I reached out my hand, stroking the fur to soothe the poor tormented soul, gripped the barb tightly and pulled it in one swift movement from its fleshy bed. The creature calmed almost immediately. Its eyes met mine once more and upon its face had formed an expression of immense gratitude. It gripped me tightly in a grip of friendship, and almost immediately it demonstrated in the noblest possible way the great debt which it felt it owed me by only eating my left leg, and that only from the knee downwards.
I never saw poor Mogger or Ugger again, but I ran into Bagger three years later in Ulan Bator where I had travelled in hope of landing a job as a Mongolian Death Worm wrangler and Bagger was leading an expedition in search of the mythical city of Xanadu, having apparently failed to locate a dictionary in the intervening time. He filled me in on the final details of the story.
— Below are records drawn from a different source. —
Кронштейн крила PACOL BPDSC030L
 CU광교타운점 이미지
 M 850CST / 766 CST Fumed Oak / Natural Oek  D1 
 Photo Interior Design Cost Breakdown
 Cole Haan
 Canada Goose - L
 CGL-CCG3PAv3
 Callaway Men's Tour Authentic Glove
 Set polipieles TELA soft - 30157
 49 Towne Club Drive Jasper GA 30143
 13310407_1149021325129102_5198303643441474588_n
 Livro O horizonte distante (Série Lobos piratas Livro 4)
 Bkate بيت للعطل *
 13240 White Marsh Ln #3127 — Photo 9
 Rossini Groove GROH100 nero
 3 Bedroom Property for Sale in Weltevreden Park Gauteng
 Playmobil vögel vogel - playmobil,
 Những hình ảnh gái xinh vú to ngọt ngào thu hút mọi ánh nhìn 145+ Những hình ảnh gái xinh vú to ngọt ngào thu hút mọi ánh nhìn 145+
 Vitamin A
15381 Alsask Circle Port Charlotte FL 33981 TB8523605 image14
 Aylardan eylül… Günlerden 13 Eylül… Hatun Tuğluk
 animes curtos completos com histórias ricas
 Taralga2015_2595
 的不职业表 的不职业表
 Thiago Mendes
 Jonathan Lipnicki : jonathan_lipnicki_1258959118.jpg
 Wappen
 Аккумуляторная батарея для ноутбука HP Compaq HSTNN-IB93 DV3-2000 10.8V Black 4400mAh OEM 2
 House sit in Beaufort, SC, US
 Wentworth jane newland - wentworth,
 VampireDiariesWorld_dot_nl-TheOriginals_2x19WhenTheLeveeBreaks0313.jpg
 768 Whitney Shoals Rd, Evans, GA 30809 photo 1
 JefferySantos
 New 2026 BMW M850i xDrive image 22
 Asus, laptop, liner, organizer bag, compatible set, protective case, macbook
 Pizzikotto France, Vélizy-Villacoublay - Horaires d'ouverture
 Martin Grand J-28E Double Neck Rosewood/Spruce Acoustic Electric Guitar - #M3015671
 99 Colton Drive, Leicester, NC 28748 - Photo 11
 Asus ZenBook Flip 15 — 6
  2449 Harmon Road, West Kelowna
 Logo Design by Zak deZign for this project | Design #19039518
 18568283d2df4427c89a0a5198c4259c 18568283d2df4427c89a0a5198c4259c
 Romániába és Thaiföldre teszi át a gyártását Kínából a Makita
Ugger, it seems, had been kidnapped by a lost tribe of Amazon women who, having seen all the men of their village wiped out by a freak accident during a "who’s got the hairiest elbow" contest, needed his services to repopulate the next generation. He had returned to old Blighty some years later and now resided in a nursing home, confined to a wheelchair but with an enigmatic grin permanently upon his face. Mogger had stopped to tie his shoelace and had inadvertently stumbled upon the entrance to the legendary lost diamond mine of Zorn. He had thus briefly become the richest man on the entire planet, but having covered over the entrance to disguise it from prying eyes while he ran to register his claim, he had never been able to find it again and died some years later a broken man. Bagger, meanwhile, had suddenly remembered a brunch appointment with Lord Ponsonby-Twitt at the Hilton, hence his swift departure.
I thank you for taking the time to consider my application and hope that we might meet in the near future and, if successful I trust we will enjoy a long and fruitful working relationship.
Brigadier Sir Alan Cuthbridge Lethbridge Ashby-de-la-Zouch Castle Abbey Furbwangler Smith-Smythe (retd).